'''

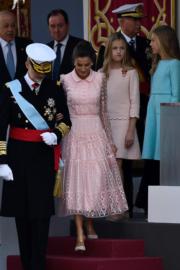 2019年10月12日，西班牙國王費利佩六世（Felipe VI，左起）與王后萊蒂西亞（Queen Letizia）、兩名女兒Princess Leonor及Princess Sofia在馬德里出席國慶活動。（法新社）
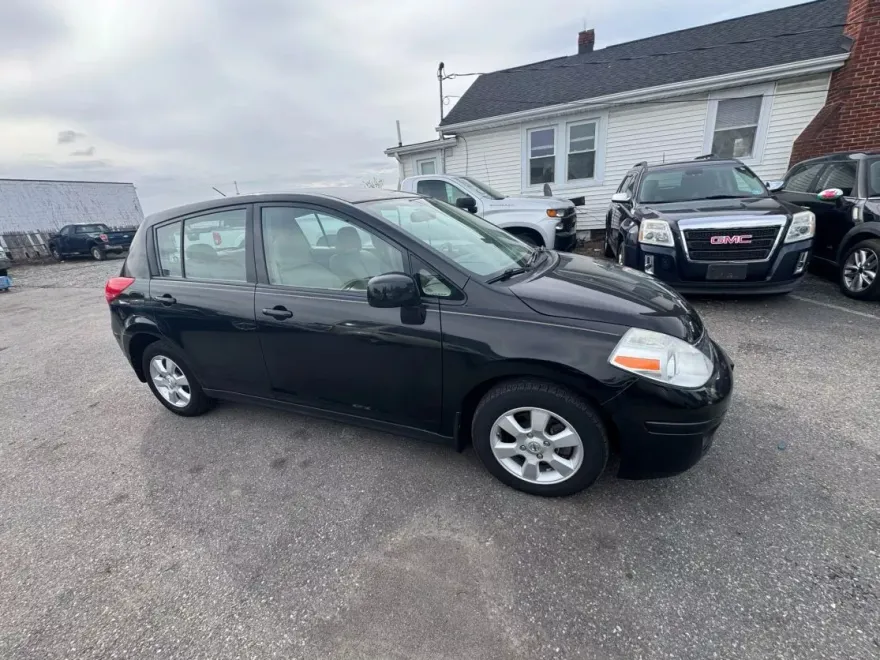 2009 Nissan Versa SL photo 1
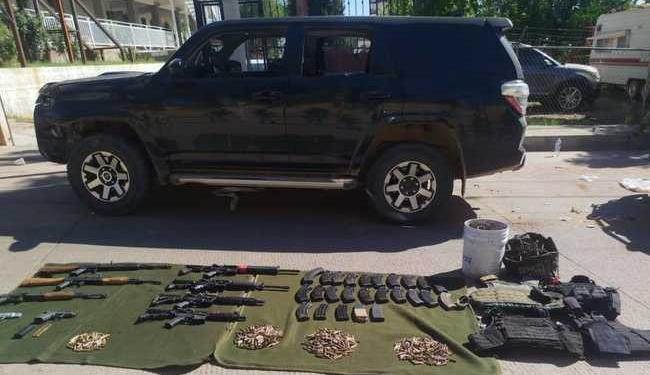 Guardia Nacional y Ejército Mexicano detienen a cuatro personas con armas cortas, fusiles de asalto, cargadores y cartuchos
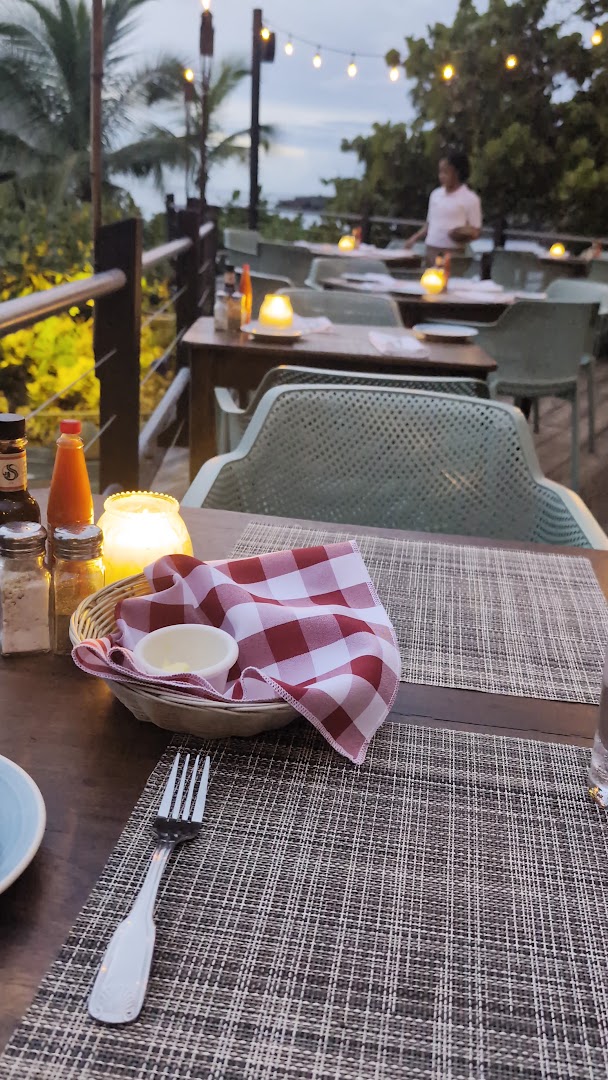 Rockhouse Restaurant: inviting restaurant atmosphere and setting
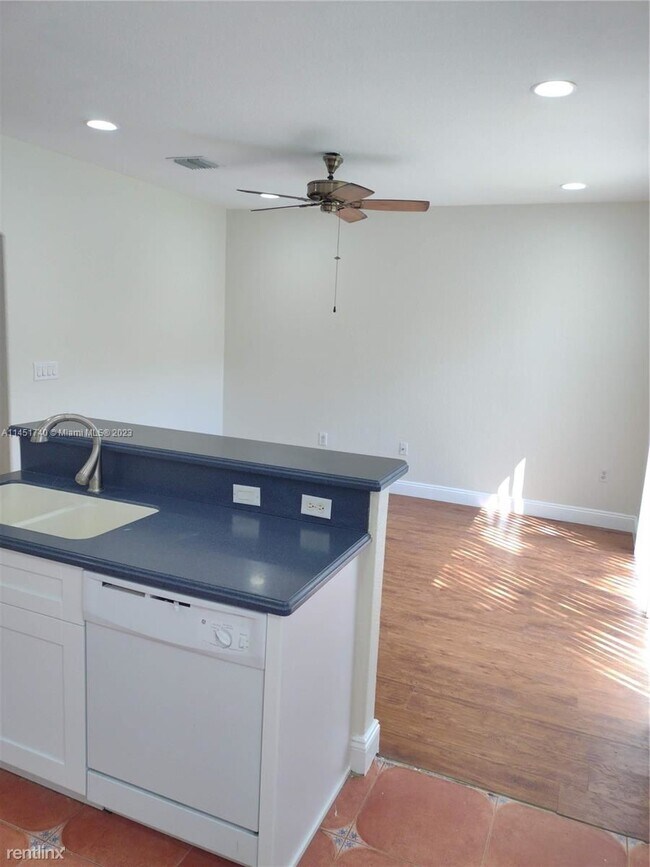 Building Photo - 4 br, 3.5 bath House - 2861 SW 84th Ter # 106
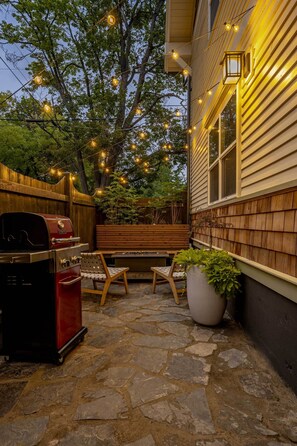 تناول الطعام بالخارج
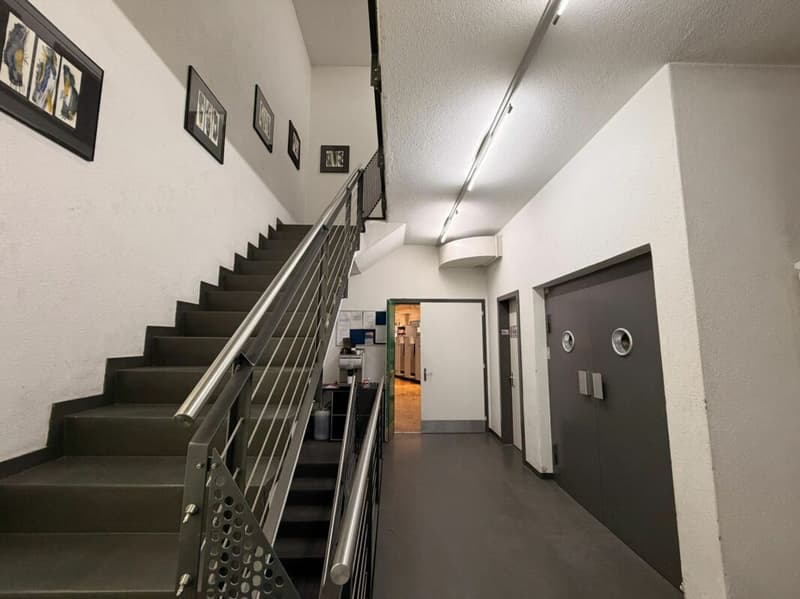 Eingang hinter Gewerbeteil inkl. Lift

'''

PROBLEM TO WORK ON: Print the listing word for word, but omit the pictures.

EXPECTED ANSWER:
 2019年10月12日，西班牙國王費利佩六世（Felipe VI，左起）與王后萊蒂西亞（Queen Letizia）、兩名女兒Princess Leonor及Princess Sofia在馬德里出席國慶活動。（法新社）
 2009 Nissan Versa SL photo 1
 Guardia Nacional y Ejército Mexicano detienen a cuatro personas con armas cortas, fusiles de asalto, cargadores y cartuchos
 Rockhouse Restaurant: inviting restaurant atmosphere and setting
 Building Photo - 4 br, 3.5 bath House - 2861 SW 84th Ter # 106
 تناول الطعام بالخارج
 Eingang hinter Gewerbeteil inkl. Lift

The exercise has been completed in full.